No les había resultado difícil encontrar la casa apropiada para sus necesidades y bolsillos. Erigida sobre un pequeño promontorio, a unos doscientos metros del embarcadero, sus dos niveles parecían alcanzar más altura y poner el histórico Propontis a disposición de sus moradores. También habían valorado el hecho de que la edificación estuviese rodeada por un tupido seto que facilitaba la vigilancia, encargada a dos policías enviados por el gobierno y a unos jóvenes franceses, correligionarios de su seguidor Raymond Molinier. En realidad la villa, propiedad de un anciano bajá turco, estaba tan arruinada como su dueño, y Natalia Sedova se vio obligada a subirse las mangas para hacerla habitable. Entre todos -incluidos policías, vigilantes y hasta periodistas de paso- limpiaron, pintaron y acondicionaron los espacios con los muebles necesarios para comer, dormir y trabajar.

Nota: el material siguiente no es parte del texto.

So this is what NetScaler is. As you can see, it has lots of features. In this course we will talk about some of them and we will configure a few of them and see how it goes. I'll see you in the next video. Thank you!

La provisionalidad con que se acomodaron en aquel refugio se advertía en la ausencia de objetos destinados a embellecerlo; ni siquiera había un simple rosal en el jardín: «Plantar una sola semilla en la tierra sería como reconocer una derrota», había advertido Liev Davídovich a su mujer, pues aún tenía la mente puesta en los centros de la lucha a los cuales, más pronto que tarde, pensaba que lograría acceder.

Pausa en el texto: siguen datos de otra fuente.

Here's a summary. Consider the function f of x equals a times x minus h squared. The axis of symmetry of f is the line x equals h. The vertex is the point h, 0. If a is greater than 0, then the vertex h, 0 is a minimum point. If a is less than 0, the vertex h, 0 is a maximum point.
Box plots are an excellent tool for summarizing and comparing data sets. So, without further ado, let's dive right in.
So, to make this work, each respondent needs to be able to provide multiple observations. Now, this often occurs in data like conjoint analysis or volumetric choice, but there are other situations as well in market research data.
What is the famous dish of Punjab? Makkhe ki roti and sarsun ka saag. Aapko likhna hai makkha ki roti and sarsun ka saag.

A lo largo de aquel primer año de exilio, la tarea más engorrosa a la que se enfrentarían los custodios encargados de la seguridad del revolucionario había sido la de lidiar con los periodistas empeñados en arrancarle primicias, la de recibir a editores venidos de medio mundo (quienes le contrataron varios libros y abonaron generosos adelantos capaces de aliviar las tensiones económicas de la familia) y la de verificar que los seguidores y amigos que comenzaron a llegar fuesen quienes decían ser. Al margen de esas intromisiones, la vida en una isla perdida en la historia, habitada la mayor parte del año solo por pescadores y pastores, resultaba tan primitiva y lenta que cualquier presencia foránea se detectaba de inmediato. Y, aunque prisionero, Liev Davídovich se había sentido casi feliz por haber hallado aquel lugar donde jamás había circulado un auto y los traslados se hacían como veinticinco siglos atrás, a lomo de burro.

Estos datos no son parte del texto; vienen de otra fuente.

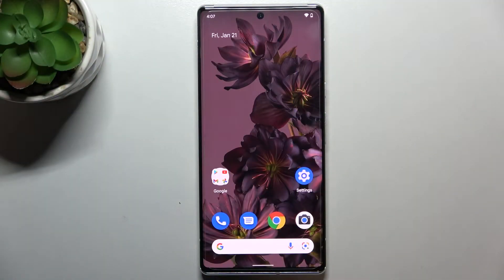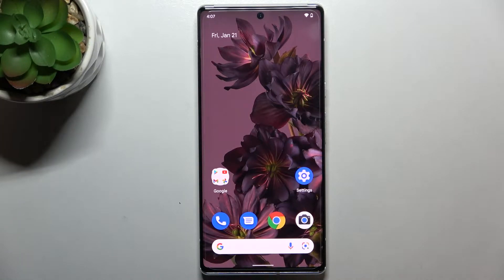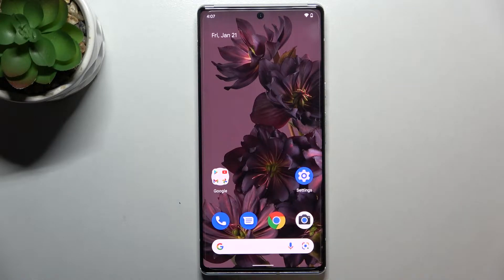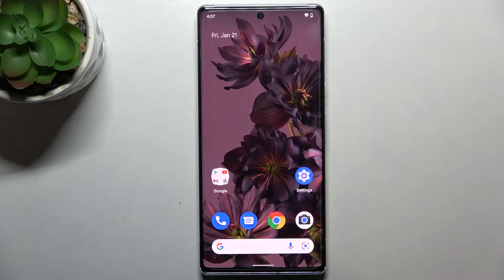Hi everyone. In front of me I've got a Pixel 6 Pro, and let me share with you how to turn off running apps on this device. All you have to do is simply open the recents, and depending on which kind of system navigation type you've got set, you can do it differently.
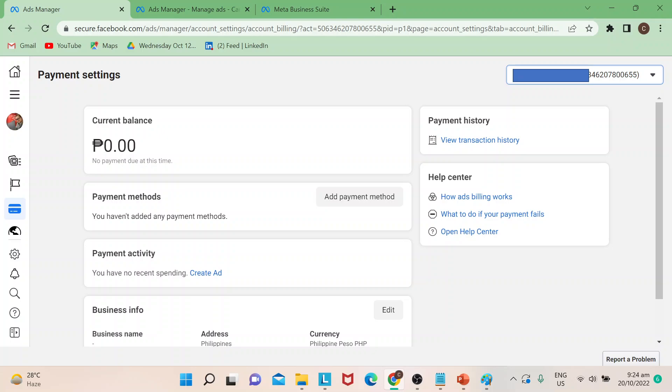You can add payment methods there. And then payment activity based on the ads that you've created will also be shown here.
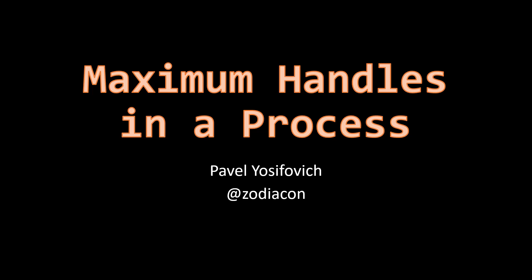Hi and welcome to this video about maximum handles in a process. We know that every process has its own handle table and these handles point to various kernel objects. The question I'd like to answer in this video is how many handles can we actually create in a process?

Apenas instalados, el exiliado había empezado a preparar su contraofensiva y decidió que la primera necesidad era cohesionar la oposición fuera de la Unión Soviética, aunque pronto comprobaría hasta qué punto Stalin se le había anticipado, encargándole a sus peones de la Internacional comunista la tarea de convertir a su persona y sus ideas en el espectro del mayor enemigo de la revolución. Como cabía esperar, fueron pocos los comunistas europeos que se atrevieron a asumir la herejía «trotskista», más cuando no parecía reportar ventajas prácticas y, con toda seguridad, conducir a la inmediata excomunión del Partido y hasta de las filas de los luchadores revolucionarios. No obstante, Liev Davídovich insistió, y descargó sobre los hombros de su hijo Liova la organización de un movimiento oposicionista, mientras él se dedicaba a trabajar personalmente con los seguidores más notables. El resto del tiempo lo dedicaría a la redacción de una autobiografía comenzada en Alma Ata y a reunir información para una planeada Historia de la revolución .
Entre los visitantes que recibió en aquellos primeros meses se contaban sus antiguos camaradas Alfred y Marguerite Rosmer, los siempre políticamente enrevesados Pierre Naville y Souvarine, y el impulsivo Raymond Molinier, que, con el mismo entusiasmo con que podría haber emprendido una excursión veraniega, había traído a rastras a su esposa Jeanne y a su hermano Henri. Pero los primeros en llegar, como cabía esperar, habían sido sus buenos amigos Maurice y Magdeleine Paz, a quienes no habían vuelto a ver desde que los Trotski fueran expulsados de Francia, en plena guerra mundial. El arribo del matrimonio, cargado de quesos franceses, trajo un soplo de alegría, envuelta en la certeza de una libertad que les permitía el lujo de recibir a viejos camaradas. Durante el año de la deportación en Alma Ata, los Paz habían sido sus representantes en París y habían viajado a Prínkipo para poner al día cuentas y deberes, y para reafirmarle su solidaridad a prueba de adversidades.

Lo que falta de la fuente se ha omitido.